Perspectivas para a Tok&Stok
Segundo o especialista, o aporte realizado pelo fundo Carlyle seria realizado em busca de "boa vontade" para a negociação através de contrapartida para garantir "a vontade de alongar e ficar no risco". Ou seja, de acordo com Mustrangi, ainda que o valor do aporte atual seja muito inferior às cifras da dívida, sua função é quitar uma parte ou prover uma garantia melhor.
"A expectativa é: se eu não ajudar, pode ser que eu perca tudo, entra em falência e perde-se tudo", ensina o especialista. Um aporte dessa natureza, portanto, seria não para de fato quitar dívidas mas sim para que se possa prover condições para que a empresa volte aos eixos. "É melhor isso que nada, que tomar uma falência na cabeça", explica.
A diferença, conforme explica, entre a recuperação judicial e a reestruturação é meramente do momento que o processo se encontra. Todo o processo passaria pela reestruturação, seja qual for a modalidade necessária para a empresa. "É o nível de gravidade que vai dar o nome mas todas são reestruturações" esclarece o especialista, que conta com mais de 30 anos de experiência na área.
No caso da Americanas, ele entende que os R$ 12 bilhões que foram aportados, por exemplo, não seriam suficientes para que a empresa retornasse a uma condição anterior. Em sua avaliação, para que isso acontecesse, o aporte precisaria ser de R$ 15 a 20 bilhões, no mínimo.
No caso da Tok&Stok, ele também considera que o valor aportado é insuficiente para resolver a situação. "Então, assim, eu vou colocar um dinheiro para resolver a dívida, mas o negócio em si vai continuar abrindo buraco, cada dia vai puxar mais dinheiro", esclarece. "A perspectiva hoje é nada, estão fechando lojas, queimando estoques, entao, de curto prazo resolve, mas de médio a longo prazo, é nada".
Sobre a operação de reestruturação da empresa, Mustrangi ressalta o caráter aparentemente amigável do processo. "Todo o contexto que está se formando é de uma recuperação extrajudicial", ressaltando que a opção dos credores, que não esta, seria realização de pedido de falência, cenário mais prejudicial para todos os envolvidos.
Várias podem ser as razões que levaram a Tok&Stok à situação atual, mas o especialista dá certeza de que houve a perda do foco e o olho na rentabilidade do negócio.
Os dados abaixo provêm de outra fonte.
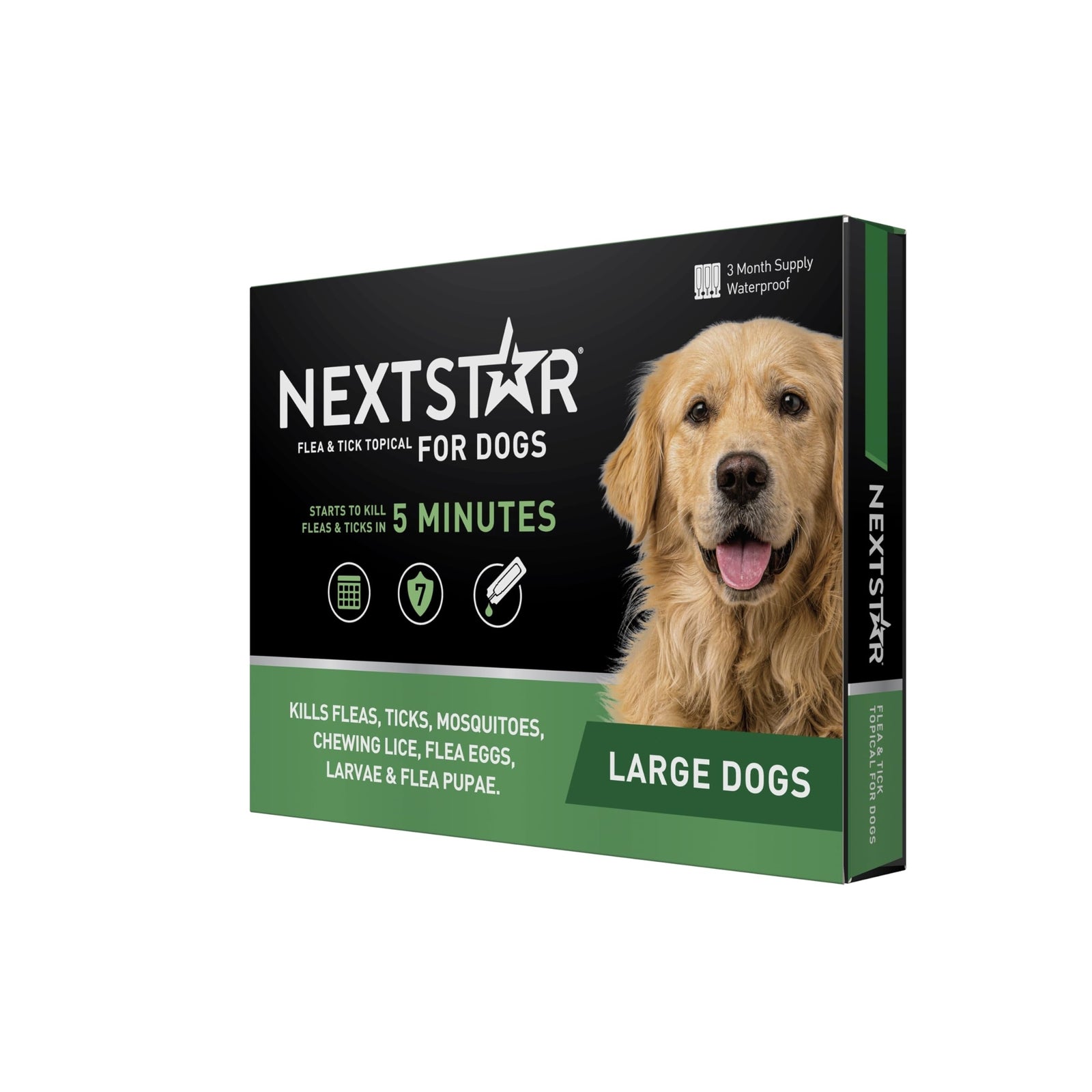 NEXTSTAR Flea And Tick Prevention For Dogs, Repellent, Treatment, and Control,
Com a perda do lucro, ainda que o faturamento se mantenha, a saída é a busca de crédito em bancos. "A empresa começa a ter a avalancagem financeira pegando, até a hora que é obrigada a pedir uma RJ (recuperação judicial) para se proteger", afirma Mustrangi.
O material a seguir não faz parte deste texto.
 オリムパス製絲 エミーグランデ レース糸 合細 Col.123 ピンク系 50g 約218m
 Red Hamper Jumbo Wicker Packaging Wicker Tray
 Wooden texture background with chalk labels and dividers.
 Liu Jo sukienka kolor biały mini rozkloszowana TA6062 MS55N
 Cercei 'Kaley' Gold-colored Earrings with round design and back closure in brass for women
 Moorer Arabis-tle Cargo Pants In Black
Além disso, pela natureza do negócio da varejista, há perspectiva de que o momento atual, com juros elevados e altos patamares de inadimplência das famílias, não está favorável para a recuperação. “Não faz sentido, ninguém vai decorar casa no momento atual”, reforça.
Sobre o impacto do caso Americanas e também da Oi, de acordo com o especialista, houve perda de altos valores no mercado. Com isso, houve redução na concessão de crédito e maior cuidado, por parte dos bancos, no momento de emprestar, privilegiando empresas com garantias e patrimônios mais seguros. "Tem um efeito colateral? Claro que tem, para todo mundo", destaca.
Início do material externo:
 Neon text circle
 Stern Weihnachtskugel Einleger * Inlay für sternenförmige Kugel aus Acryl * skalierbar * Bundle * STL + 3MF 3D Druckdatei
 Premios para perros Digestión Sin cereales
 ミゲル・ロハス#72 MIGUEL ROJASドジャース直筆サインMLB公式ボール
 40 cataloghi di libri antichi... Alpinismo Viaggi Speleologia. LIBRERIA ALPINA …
Sobre a fusão entre a empresa e a Mobly, ele entende que o momento atual não é favorável para nenhuma das duas. Assim, ainda que haja um aumento de escala, se ambas as empresas não estão em uma situação favorável não haverá um bom resultado em uma possível fusão.
“Se fosse lá atrás, alguns anos atrás, com dinheiro barato, era possível cogitar inserir dinheiro e arrumar. Hoje, o mundo mudou, o dinheiro está caro, só essa mudança de premissa já mudou totalmente o contexto de análise”, conclui o especialista.